I wouldn't think it'd offer much protection, maybe remake then out of solid timber, T/P maybe...

----------


## Random Username

The gold standard for sealing the edges would be to use a few coats of marine epoxy such as Botecote; the 'whatever is handy' standard would be a few coats of any oil based enamel.  All depends on how wet you'd ever expect the floor to get, and for how long.

----------


## METRIX

I really wouldn't worry about it. 
But if it concerns you, and if it is only the edge ie; the part which is touching the floor use a waterbased waterpfoofing compound, green shed sells them in 1 liter containers, something like crommelin pond seal, it comes in many colours instead of the usual black, but as said in earlier posts a lot of work for little gain. 
If you bought the kitchen 2nd hand it has obviously lasted till now, so it should be ok.  Pond Sealer Colours: Waterproofing: Crommelin

----------


## martyjames

thanks for the useful input guys - the kitchens 12 years old but in pretty good nick.
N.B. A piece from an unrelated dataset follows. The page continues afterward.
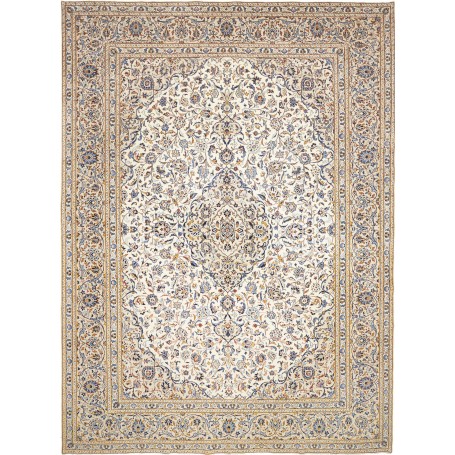 Tappeto Kashan Persia Medaglione Crema Blu 304x404 Cm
It is not laminate but veneer (on the doors) and will come up nicely i hope. There is no water damage on the bases - the cupboards sit on seperate frames with the kickboards at the front - thats the part i want to waterproof. Hopefully wont happen , but , say if theres a dishwasher problem (which i had once and caused damage) , for the sake of a bit of work it might save a lot of hassle later. 
Thanks again

----------